Kaitlyn Dawn Bristowe (born June 19, 1985) is a Canadian television personality best known for being a contestant on the nineteenth season of ABC's The Bachelor, and as the lead on the eleventh season of The Bachelorette. She competed on season 29 of Dancing with the Stars, with partner Artem Chigvintsev, and was declared the winner on November 23, 2020.

Early life
The daughter of a ballerina, Bristowe grew up  in Leduc, Alberta, Canada, and moved as an adult to Vancouver, British Columbia for a dance scholarship where she became a spin-class instructor.

Career

Television

The Bachelor 

Bristowe was a contestant on Chris Soules' season of The Bachelor. She placed third overall, losing to runner-up Becca Tilley and winner Whitney Bischoff.

The Bachelorette

On The Bachelor "After the Final Rose" segment, host Chris Harrison announced that season eleven would begin with two Bachelorettes, Bristowe and fellow season nineteen contestant Britt Nilsson. Bristowe became the official bachelorette of season eleven. The season ultimately ended in her engagement to contestant Shawn Booth.

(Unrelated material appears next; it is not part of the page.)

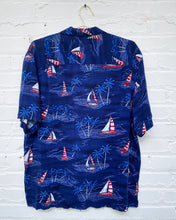 Load image into Gallery viewer, Red White and Blue Sail Boat Shirt (XL)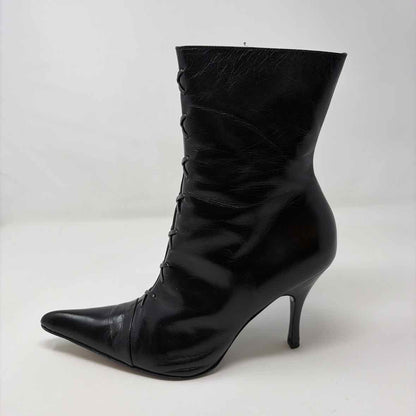 Pre-Owned Shoe Size 9.5 Charles David Black Boots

Bristowe co-hosted season 17 and season 18 of The Bachelorette alongside fellow former Bachelorette Tayshia Adams.

Dancing with the Stars 
During the airing of The Bachelor: The Greatest Seasons – Ever! in June 2020, host Chris Harrison offered Bristowe a spot on the upcoming season of Dancing with the Stars, which she accepted. Previously Bristowe alleged that The Bachelor creator Mike Fleiss had blocked Bristowe from participating on the show when she was offered a spot in 2015 after her season of The Bachelorette had finished airing.

On September 2, 2020, Bristowe was announced as one of the celebrities competing on the 29th season of Dancing with the Stars. She was partnered with professional dancer Artem Chigvintsev, and on November 23, 2020, they were declared the winners of the season.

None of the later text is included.